Collected material.
────────────────────

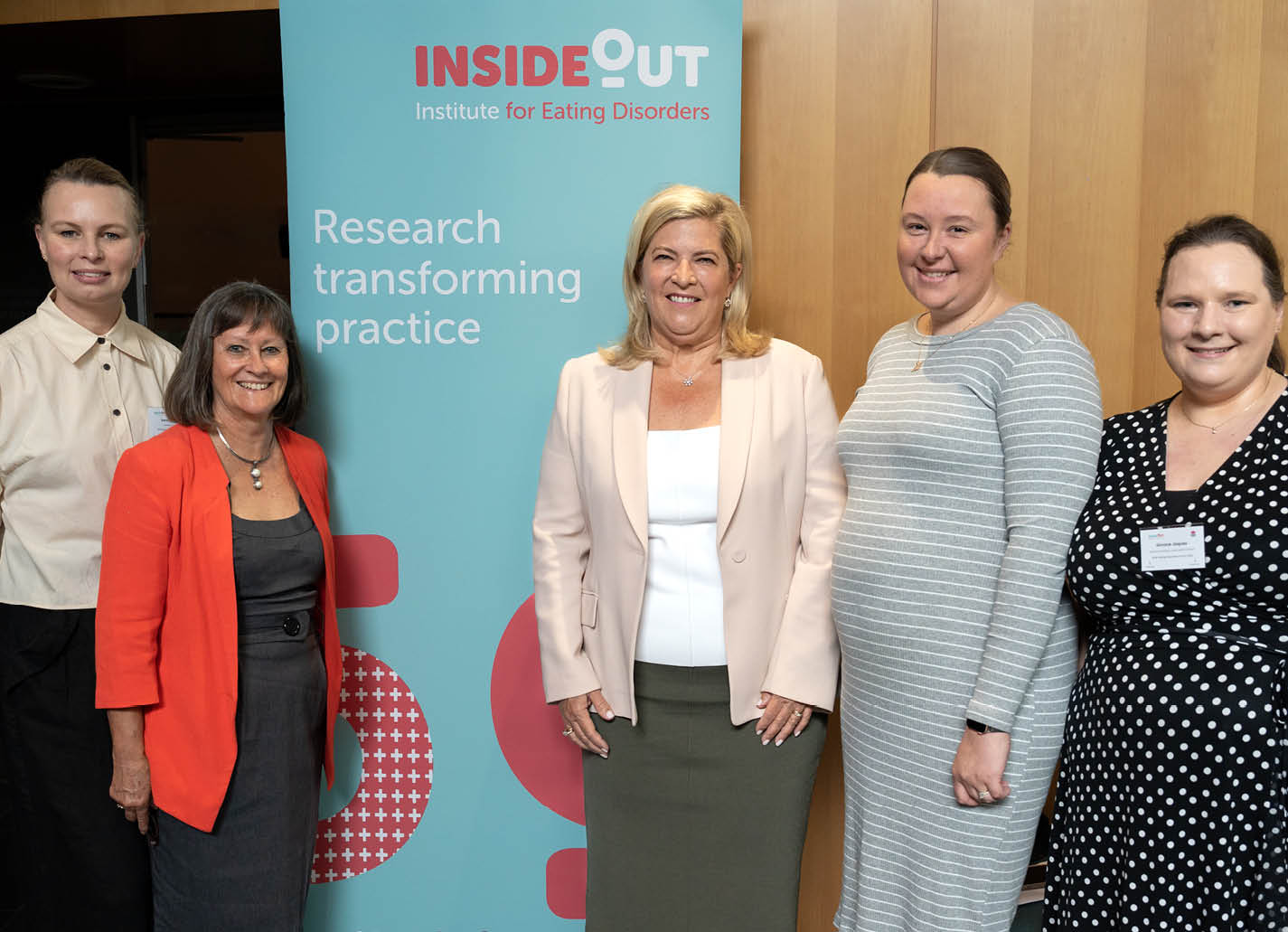 From left to right: Associate Professor Sarah Maguire, Director InsideOut Institute, Danielle Maloney, Deputy Director InsideOut Institute, NSW Minister for Women, Regional Health, and Mental Health Bronnie Taylor, Monique van Leeuwen, Northern Sydney Local Health District Eating Disorder Coordinator, Simone Jacques, Clinical Psychologist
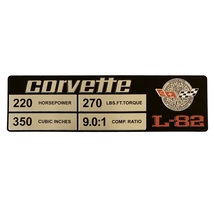 C3 Corvette Spec Data Plate Embossed Scratch-Resistant Aluminum L-82 Eng... - $26.04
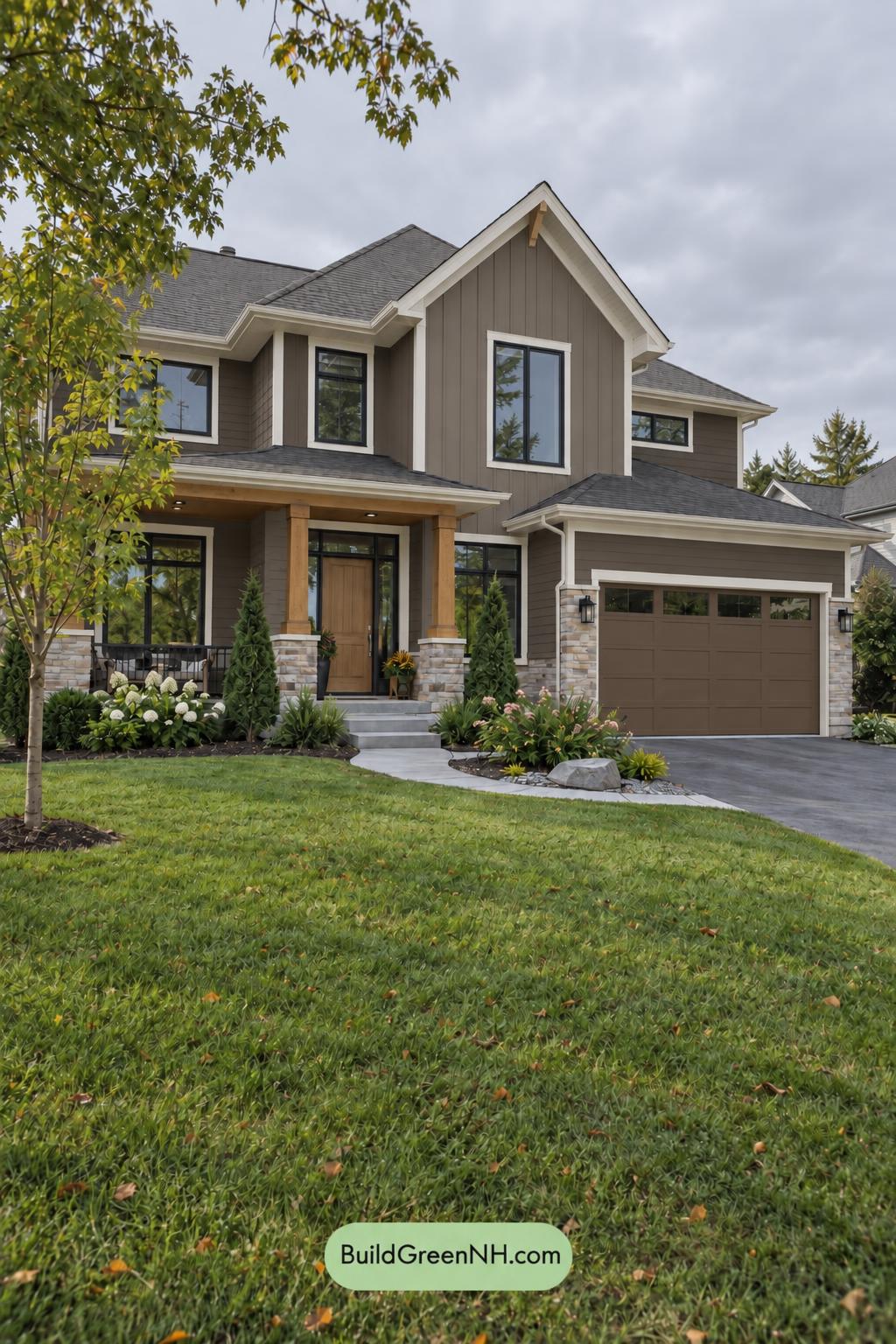 Dark Modern House Exterior Color Scheme: Mocha Birch Calm - Overcast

────────────────────

Aim of the task.
Strip the images and return the remaining data exactly.

Answer below.
 From left to right: Associate Professor Sarah Maguire, Director InsideOut Institute, Danielle Maloney, Deputy Director InsideOut Institute, NSW Minister for Women, Regional Health, and Mental Health Bronnie Taylor, Monique van Leeuwen, Northern Sydney Local Health District Eating Disorder Coordinator, Simone Jacques, Clinical Psychologist
 C3 Corvette Spec Data Plate Embossed Scratch-Resistant Aluminum L-82 Eng... - $26.04
 Dark Modern House Exterior Color Scheme: Mocha Birch Calm - Overcast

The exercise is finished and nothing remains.